Supplied material:

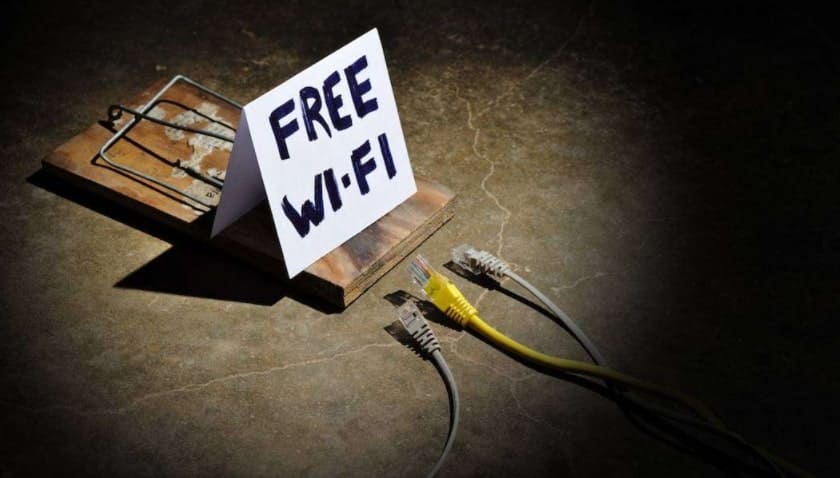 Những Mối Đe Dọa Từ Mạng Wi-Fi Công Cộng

==

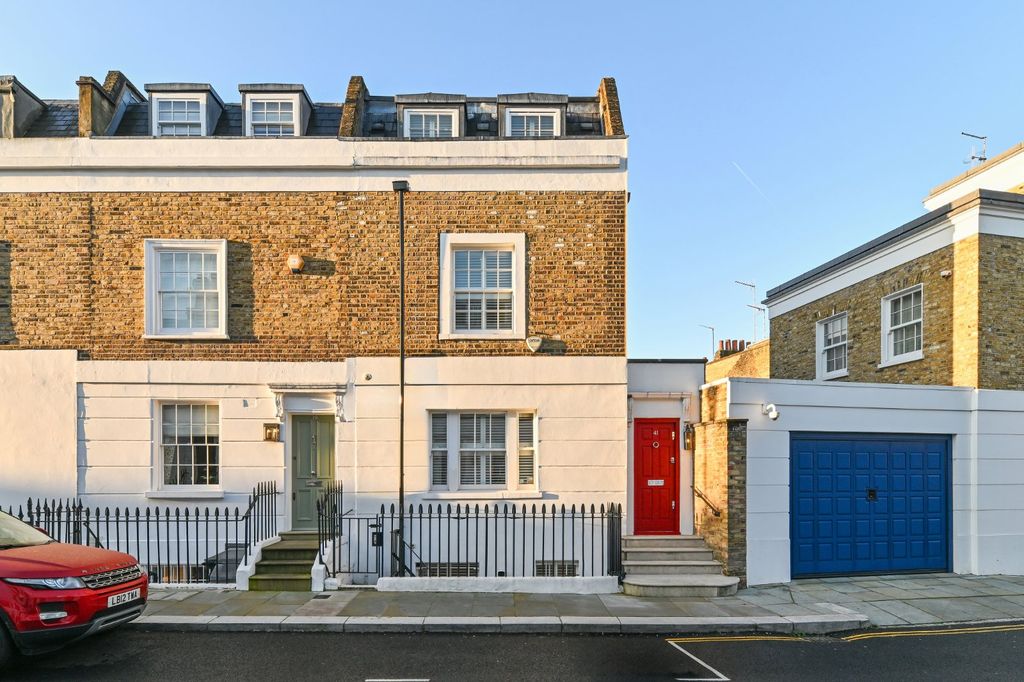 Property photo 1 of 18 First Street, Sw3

* * *

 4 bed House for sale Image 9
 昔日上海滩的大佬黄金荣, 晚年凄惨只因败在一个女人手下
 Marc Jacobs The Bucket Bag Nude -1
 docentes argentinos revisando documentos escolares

Task requirements:
The lines above starting at the one that contains "4 bed House for sale Image 9" and ending at the one that contains "docentes argentinos revisando" must be transcribed exactly, and no other lines may appear.

Answer for this exercise:
 4 bed House for sale Image 9
 昔日上海滩的大佬黄金荣, 晚年凄惨只因败在一个女人手下
 Marc Jacobs The Bucket Bag Nude -1
 docentes argentinos revisando documentos escolares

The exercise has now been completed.